On Sat, May 5, 2018 at 12:45 AM, Daniel Moisset <dmoisset@machinalis.com> wrote:
(3) Unlike a case/switch statement, there's no implication that the compiler could optimise the order of look-ups; it is purely top to bottom.
[we are talking about a multi-branch pattern matching statement now, not just "apttern matching"] In most practical cases, a compiler can do relatively simple static analysis (even in python) that could result in performance improvements. One obvious improvement is that the matched expression can be evaluated once (you can achieve the same effect always with a dummy variable assignment right before the if/elif statement).
That one isn't an optimization, but part of the specification; it is an advantage of the fact that you're writing the match expression just once.

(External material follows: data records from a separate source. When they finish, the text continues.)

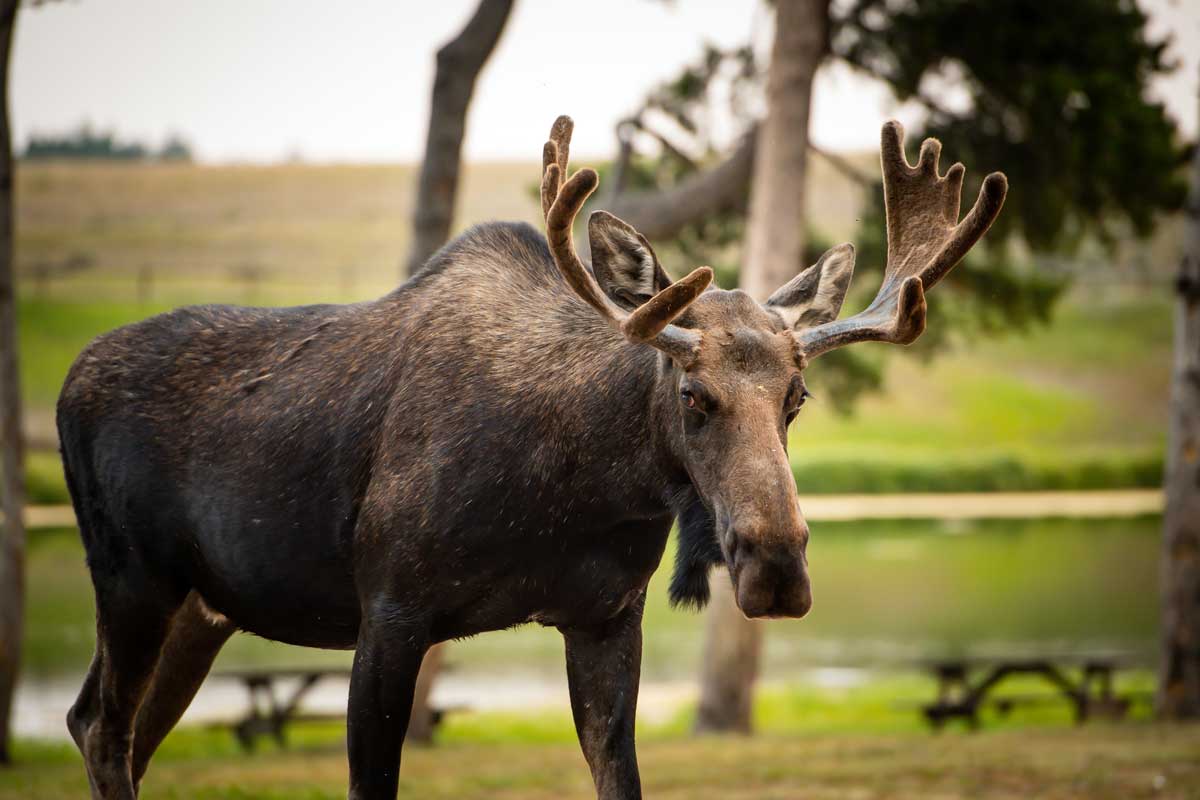 WYBDR Report moose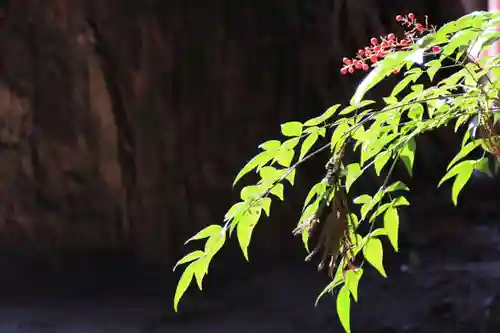 鹿島大神宮の庭園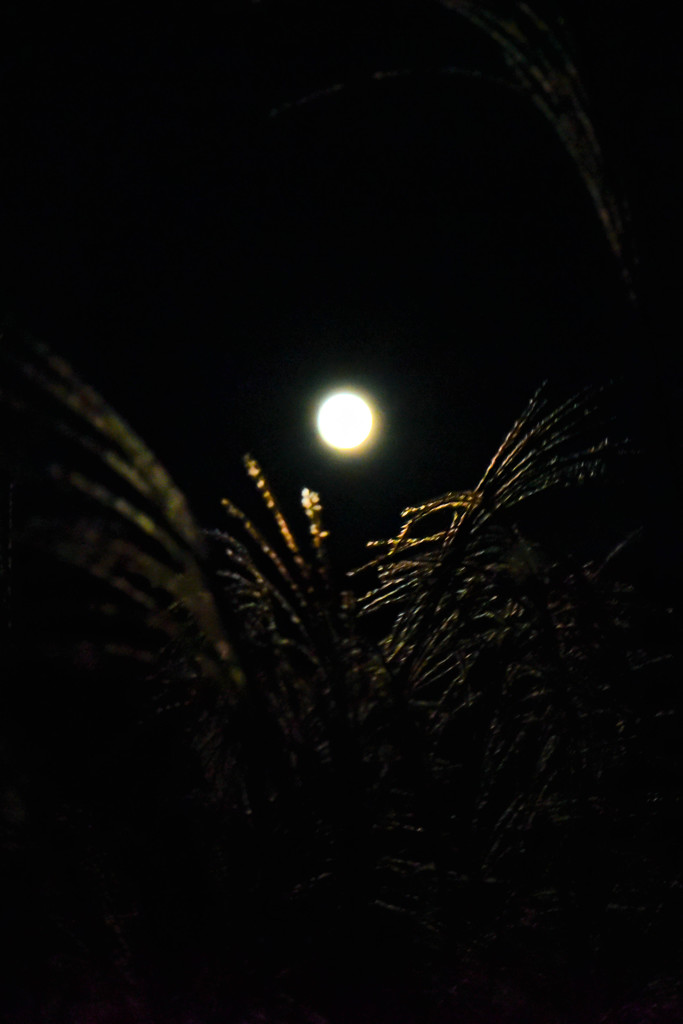 月夜に照るススキの穂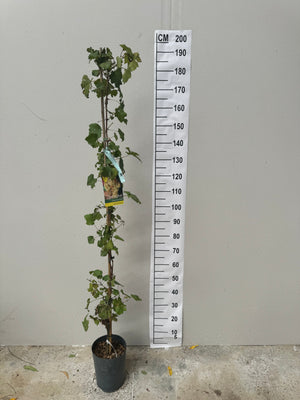Pot de 5L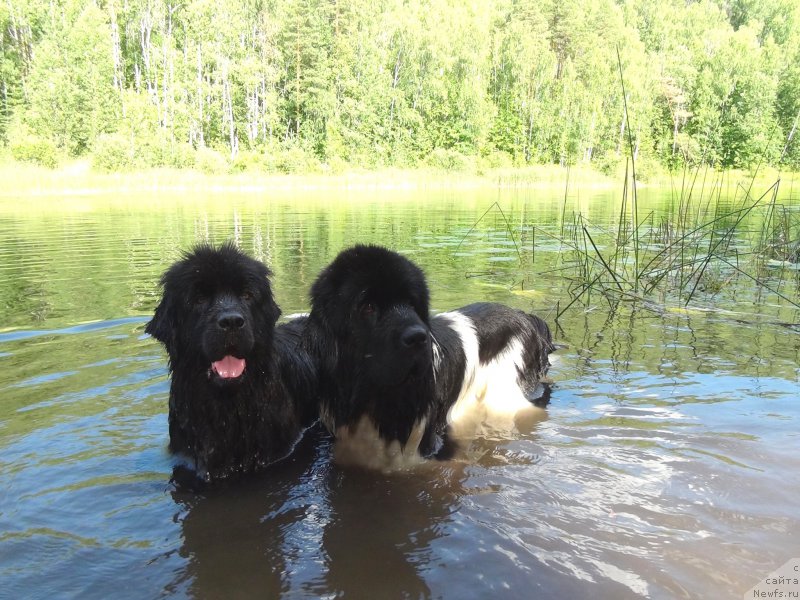 Фото: ньюфаундленд Черный Шарм Веллингтон, ньюфаундленд Барышня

But all the rest of your optimizations aren't trustworthy.
But for multiple literal string patterns (a common scenario), you can compile a string matcher that is faster than a sequence of equality comparisons (either through hashing+comparison fallback or creating some decision tree that goes through the input string once).

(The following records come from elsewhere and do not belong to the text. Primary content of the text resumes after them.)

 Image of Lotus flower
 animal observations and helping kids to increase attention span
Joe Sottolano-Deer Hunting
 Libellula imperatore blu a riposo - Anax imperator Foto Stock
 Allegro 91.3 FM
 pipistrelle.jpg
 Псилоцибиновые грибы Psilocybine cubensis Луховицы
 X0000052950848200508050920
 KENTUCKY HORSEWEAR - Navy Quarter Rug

Only if you're doing equality checks (no substrings or anything else where it might match more than one of them). And if you're doing "pattern matching" that's nothing more than string equality comparisons, a dict is a better way to spell it.
For integers you can make lookup tables.
If they're just equality checks, again, a dict is better. If they're ranges, you would have to ensure that they don't overlap (no problem if they're all literals), and then you could potentially optimize it.
Even an ifinstance check choosing between several branches (a not so uncommon occurrence) could be implemented by a faster operation if somewhat considered that relevant.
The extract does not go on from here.